To this instruction the defendant excepted in ground five of the amended motion, in that "it was not a correct statement of the alternate-sentence law, and tended to influence the jury in fixing a minimum and a maximum sentence, and was prejudicial to the defendant, in the fixing of a minimum and maximum sentence."
The instant case is covered by division six of the Policies, Rules and Regulations of the State Board of Pardons and Paroles under what is termed "Conditional Releases," as follows: "`Definition: Conditional release is a form of order selected by the board in releasing felony prisoners who have completed the service of their minimum sentence with good institutional conduct record. This form of release is automatic when the requirements are met, whereas parole is a discretionary act of the board.
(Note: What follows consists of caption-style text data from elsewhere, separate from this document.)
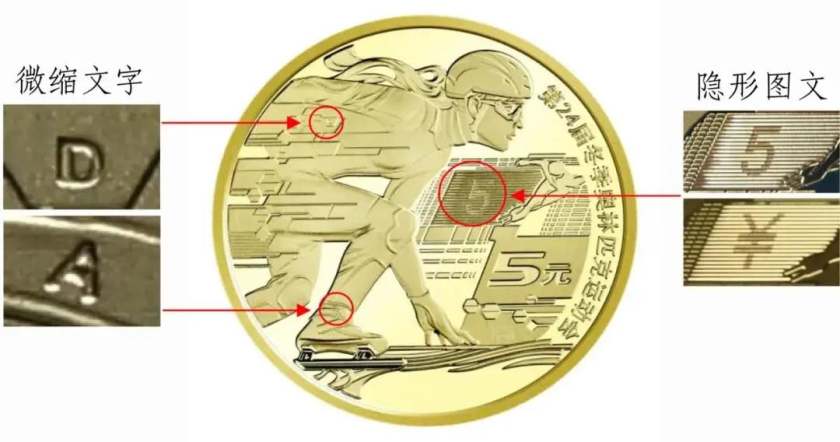 2022冬奧會紀念幣預約方法 2022冬奧會紀念幣什么時候預約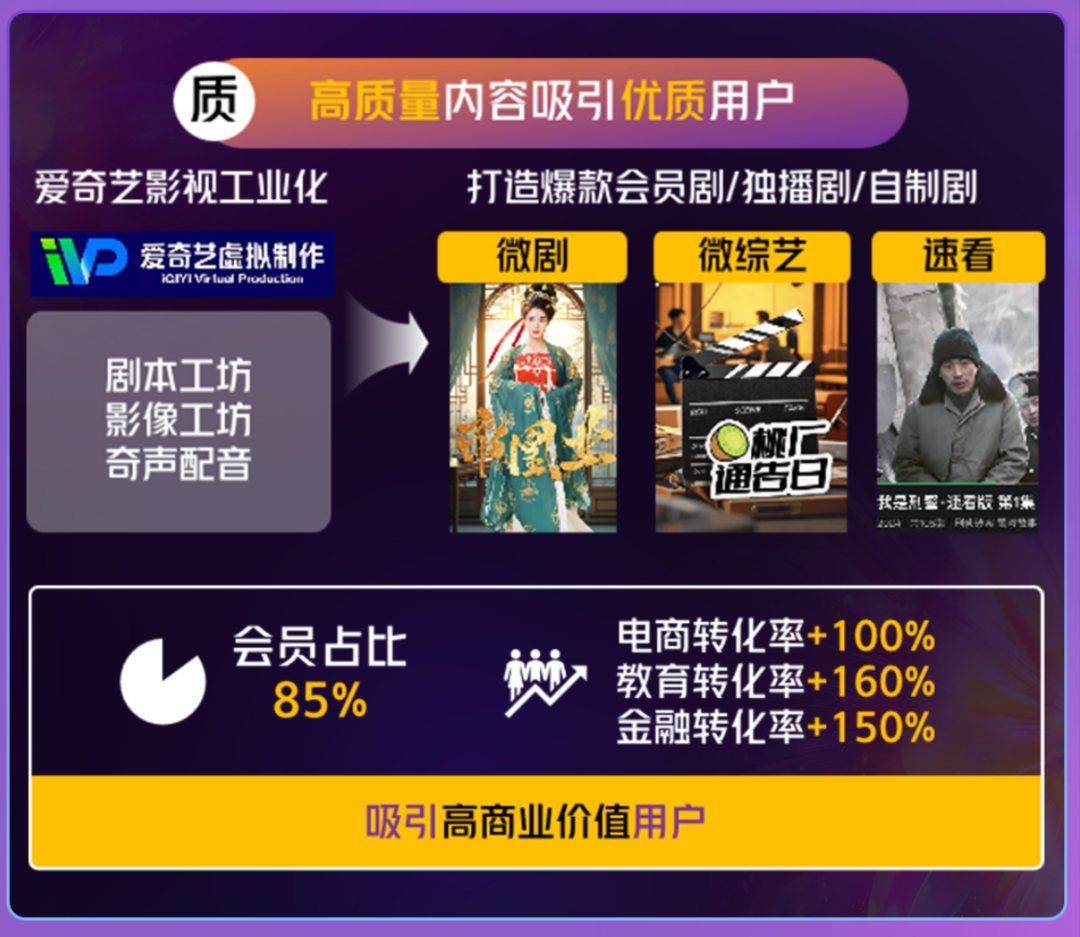 说透“品效协同”：从口号到现实，靠什么实现？
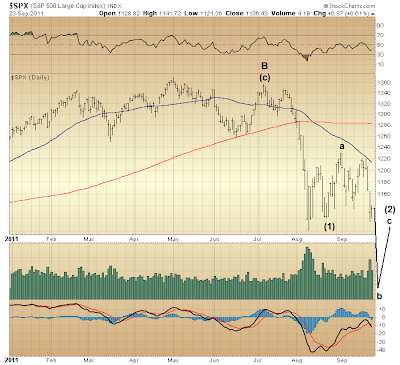 $SPX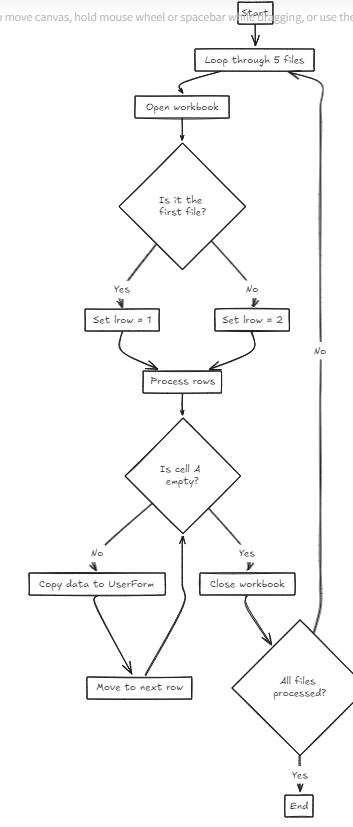 flow chart of code of How to Consolidate Data from Multiple Excel Files with VBA in One Click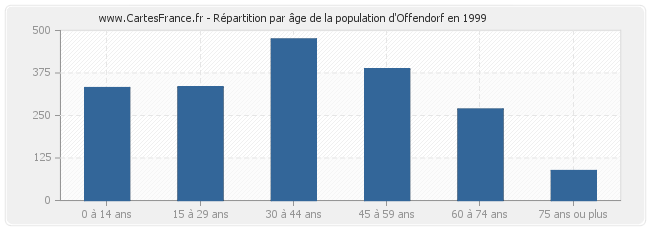 Répartition par âge de la population d'Offendorf en 1999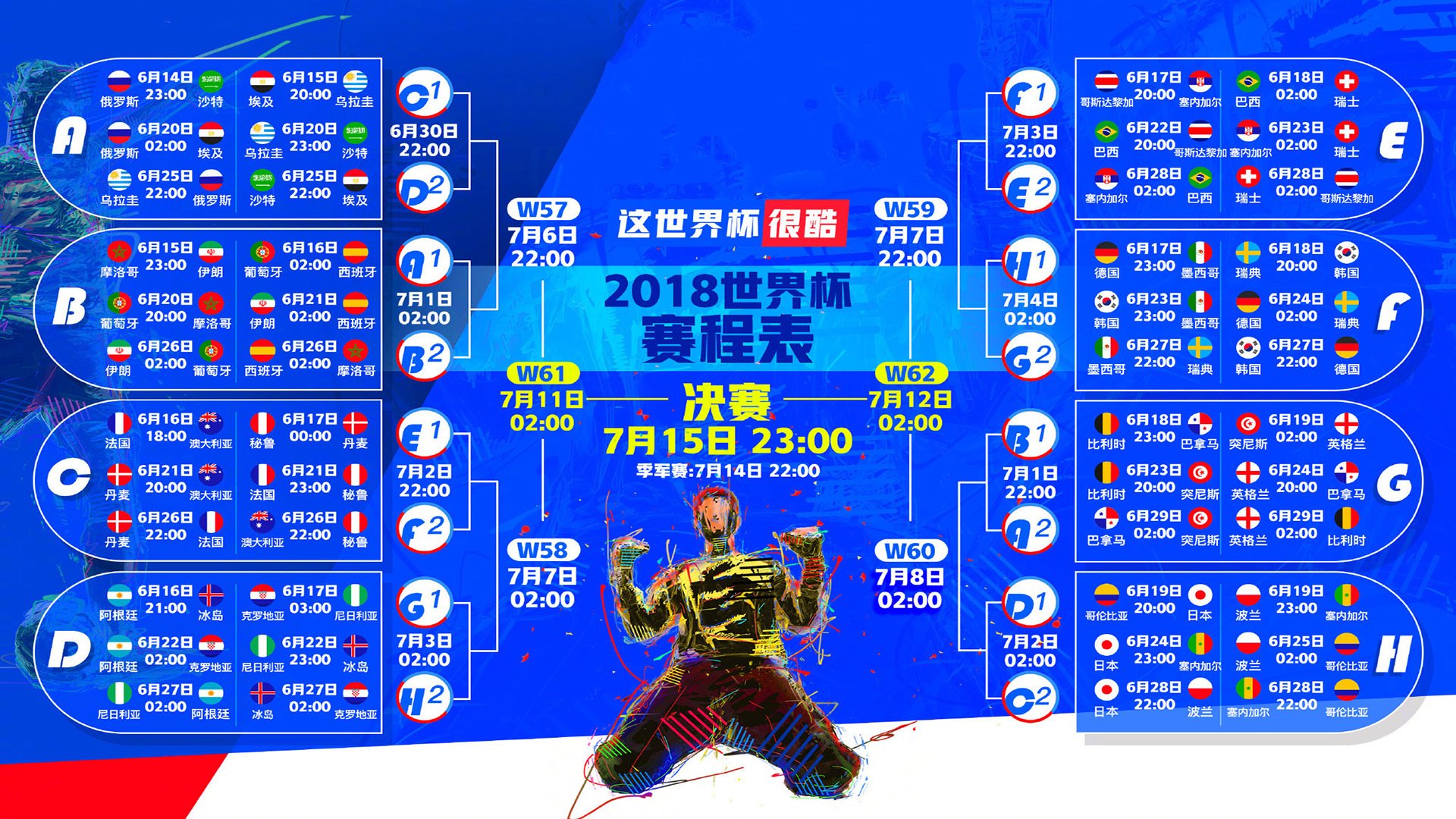 惊魂一刻!罗马尼亚绝杀比利时,内马尔领衔巴西轻取对手,2026世界杯B组格局骤变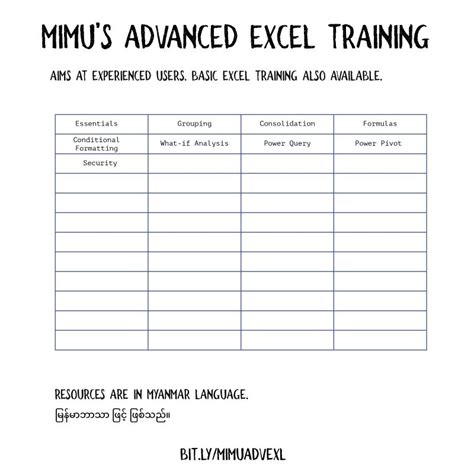 Image result for Excel Advanced Tutorial Myanmar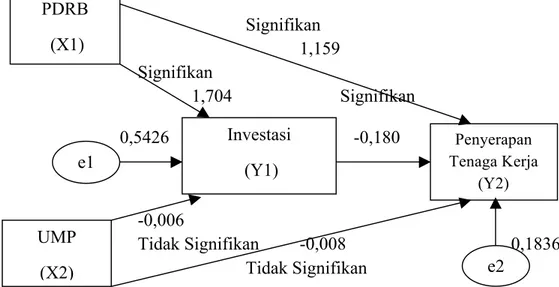 Tabel 5. Ringkasan Hasil Regresi 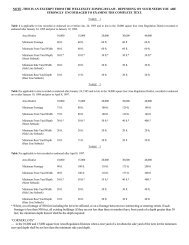 Yard Regulations Tables - Town of Wellesley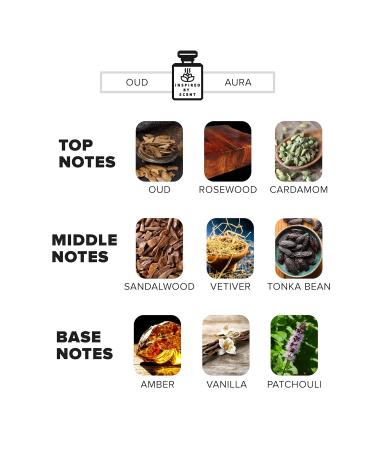 Inpired By Scent Perfumes (3.4oz-100ml #25 OUD Aura) Parfum Exotic Blend of Rich Oud Warm Spices and Earthy Woods Long-lasting unisex fragrance. Inspired by Oud Wood #25 Oud Aura 3.4 Fl Oz (Pack of 1) - Buy Online on GoSupps.com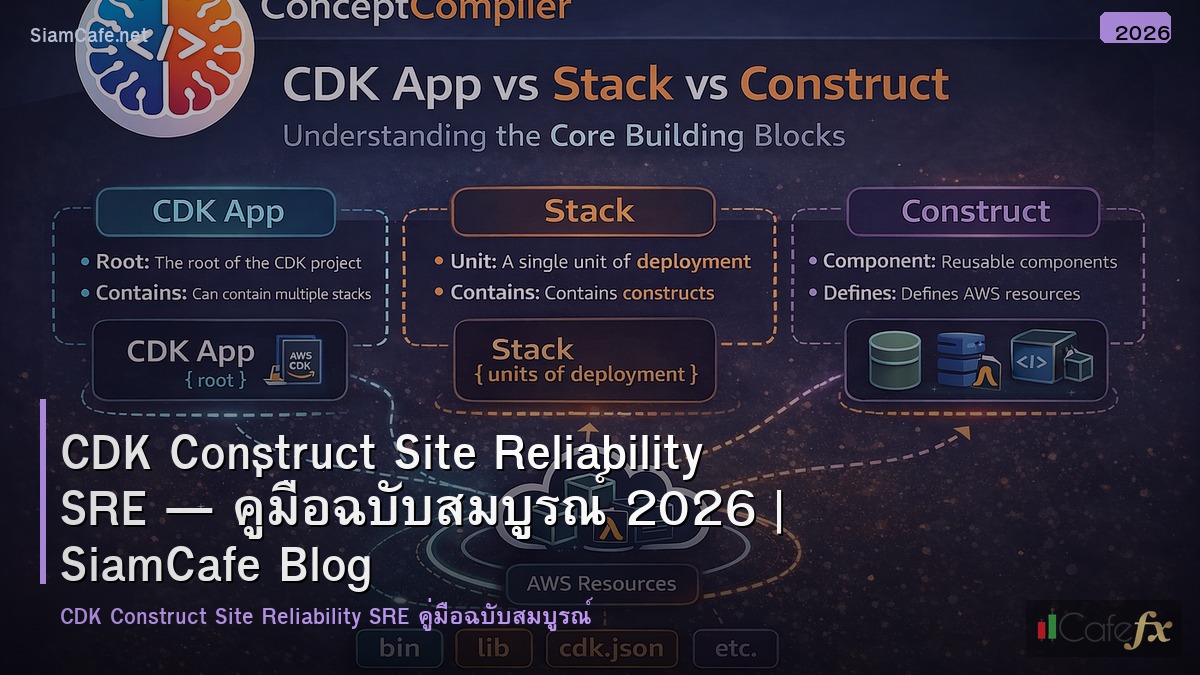 cdk construct site reliability sre
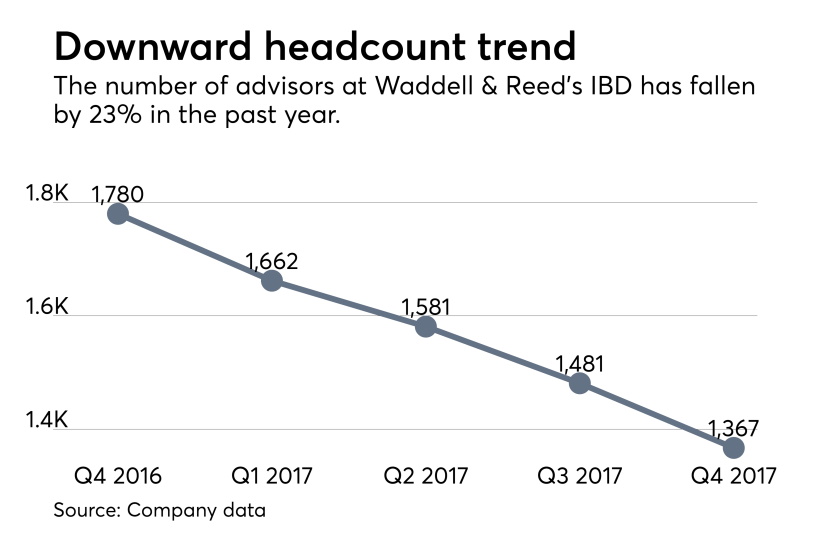 Waddell & Reed advisor headcount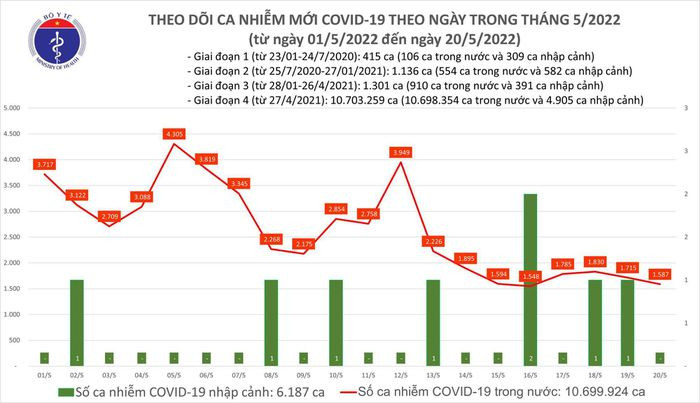 Ngay 20/5: Co 1.587 ca COVID-19 moi; 12 tinh, thanh nao khong co F0?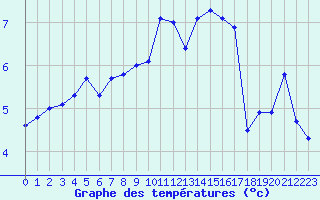 Courbe de tempratures pour Aberporth
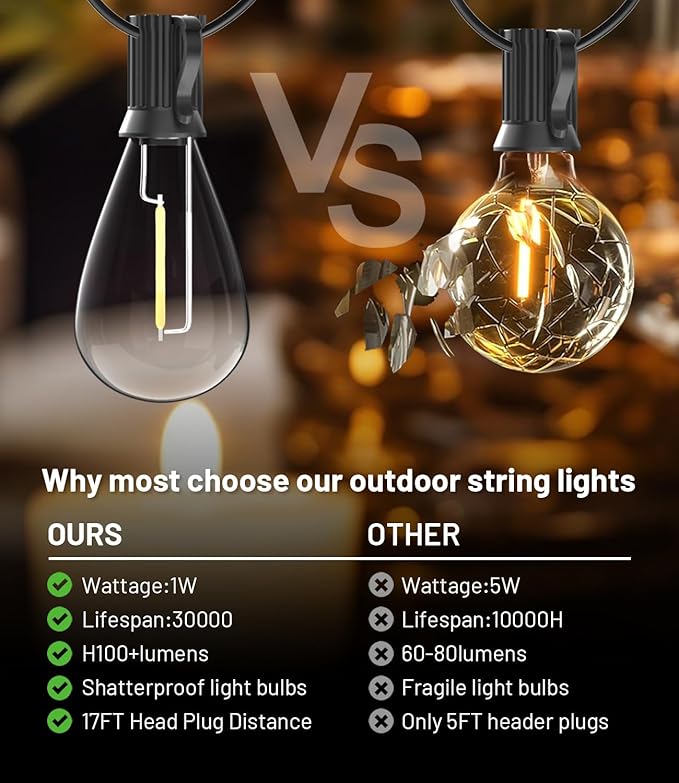 Tenmiro 120FT Outdoor String Lights Ultra Long Waterproof 30+2 Edison Shatterproof Bulbs Led Outside Patio Lights for Porch Deck Garden Backyard Balcony Wedding Party Decor
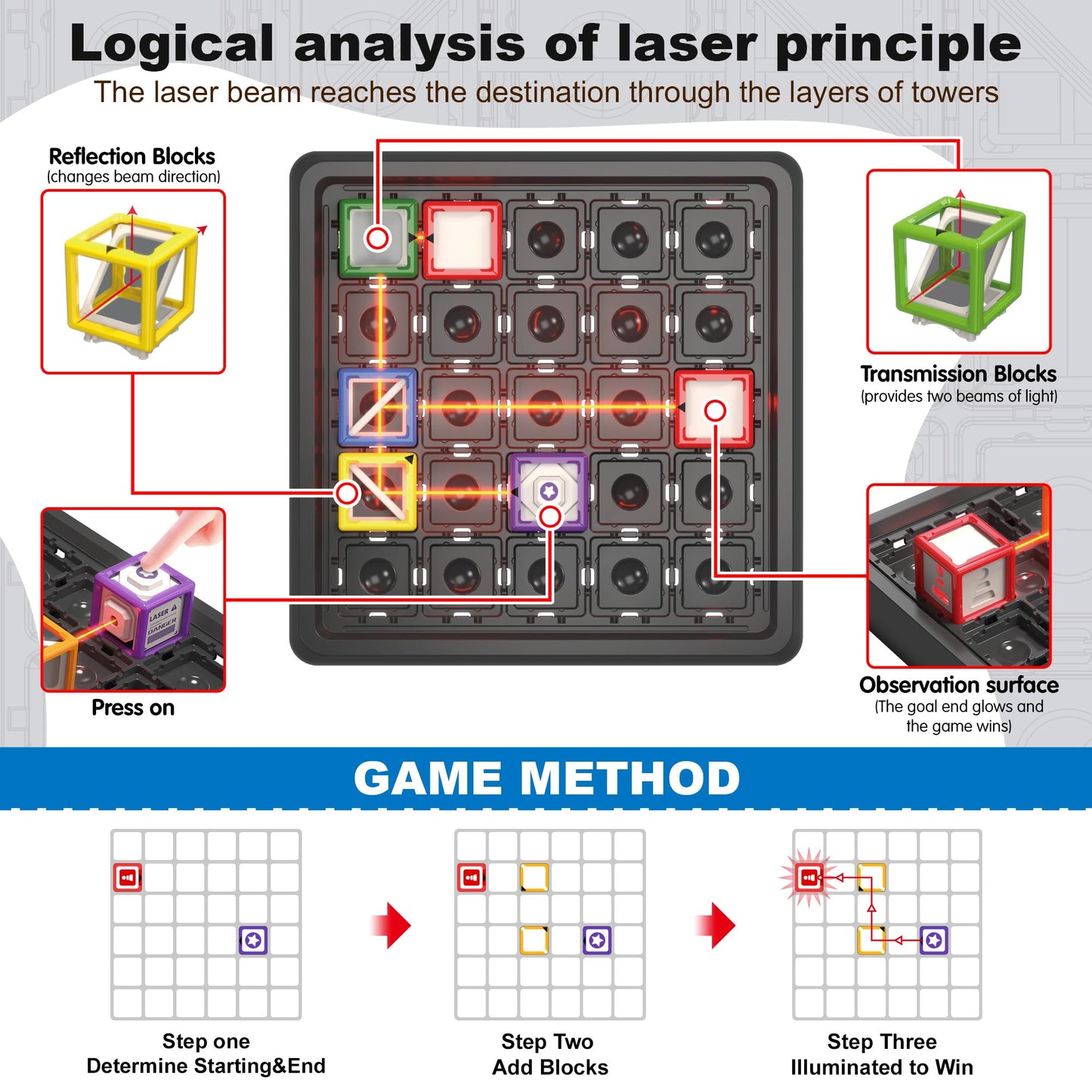 Laser Maze Reasoning Game Stem Toys for Ages 8-12, Puzzle Game with 60+ Challenging STEM Logic Toys, Educational Toy for 8 9 10 11 12 13 14 Year Old Boys, Kids Gift for Christmas/Easter/Birthday
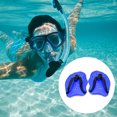 thumbnail image 3 of Eigraketly 1 par de paletas de mano para adultos y niños con correa ajustable, paleta de natación para principiantes, entrenamiento para buceo, Type2 NO2 Eigraketly OD022026-03, 3 of 6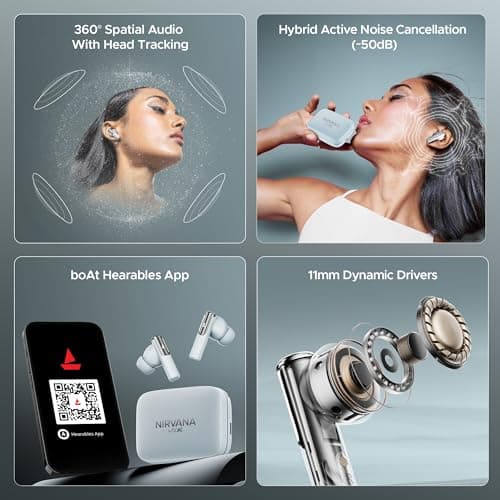 Boat Nirvana Ivy, 50dB Hybrid ANC, 360º Spatial Audio, Dynamic Head Tracking,Fast Charge,App Support, 50HRS Battery, v5.3 Bluetooth Earbuds, TWS Ear Buds Wireless Earphones with mic (Quartz Cyan) 2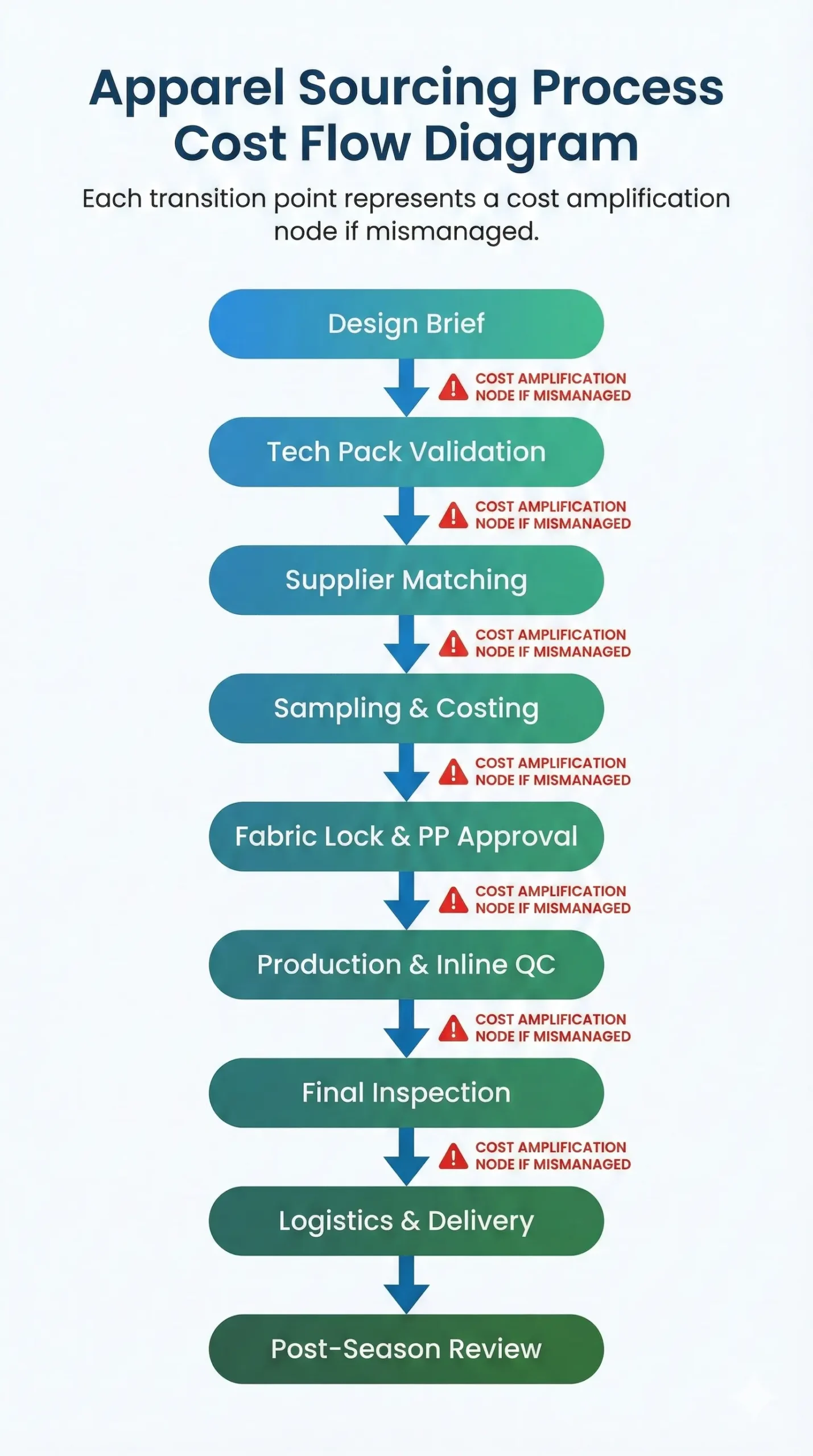 Apparel Sourcing Process Cost Flow Diagram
Those prisoners who are discharged from prison by order of `conditional release' remain under the jurisdiction of the Board of Pardons and Paroles, subject to rearrest and other rules governing parole *711
until the maximum sentence date.' In explanation of conditional release, the board states in its rules and regulations the following: Explanation: The Conditional release order was chosen by this Board as a form of release for those prisoners who have completed their minimum sentence with good institutional conduct record, based on the ruling of the Attorney General, which is, in part, as follows: `It is my opinion that the General Assembly, in making provision that the jury should fix a minimum and maximum term within the term prescribed by law, intended that each and every prisoner abiding by the rules of the State Prison authority should expect to be and would be released upon completion of the minimum term set by the verdict of the jury.'" Todd v. State,
4. It is unnecessary to relate the evidence in detail. Suffice it to say that the testimony of his two accomplices directly connected the defendant with the offense of burglary charged in the indictment and was sufficient to support the verdict of guilty. Pope v. State,
The evidence authorized the verdict and the court did not err in overruling the motion for a new trial.
Judgment affirmed. Gardner and Townsend, JJ., concur.